MEDLINE, MEDLINE In-Process, Embase, and the Cochrane Library were searched from the January 01, 2000 to September 23, 2019 for articles published in English. Search strategies included index and text terms for psoriasis, the relevant interventions and RCTs. The full search strategies can be found in the Supplementary Table 1. Supplementary searches were also performed. These included checking the reference lists of included studies and searches in disease-specific and health economic and outcomes research congresses. All identified titles and abstracts were assessed for inclusion by one reviewer, with a second reviewer independently performing a 50% check. Full texts were then further reviewed in the same manner by both reviewers. Discrepancies were resolved by discussion or, if necessary, by a third reviewer.
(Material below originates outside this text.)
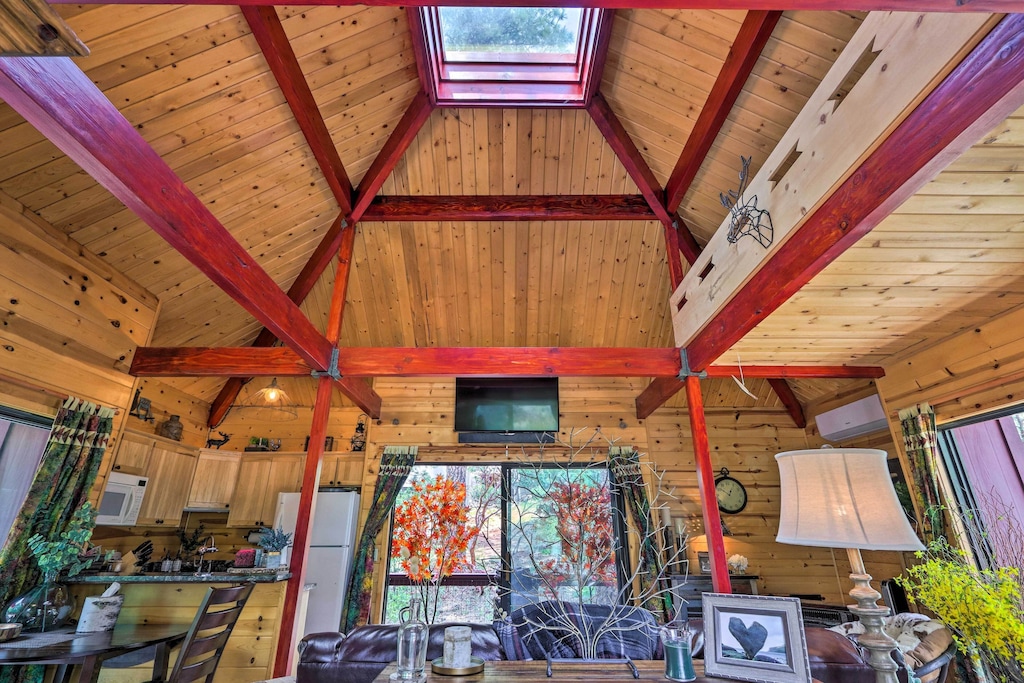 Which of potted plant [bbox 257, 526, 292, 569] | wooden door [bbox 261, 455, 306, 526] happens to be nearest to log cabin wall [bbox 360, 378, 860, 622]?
wooden door [bbox 261, 455, 306, 526]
Long-term extensions and RCTs comparing European Medicines Agency (EMA)-approved interventions of interest at their licensed doses – adalimumab, apremilast, brodalumab, certolizumab pegol, etanercept, guselkumab, infliximab, ixekizumab, risankizumab, secukinumab, tildrakizumab, and ustekinumab – with any comparator including placebo, another biologic therapy of interest or a non-biologic systemic therapy were eligible for inclusion. Trials had to include an intervention regimen that was administered at a licensed dose throughout the entire induction to maintenance phase. The outcome of interest was improvement in PASI score (PASI 75, PASI 90, and PASI 100) at or around 52 weeks. PASI 50 was not included as it was reported in very few studies. The full set of inclusion criteria can be found in the Supplementary Material S2.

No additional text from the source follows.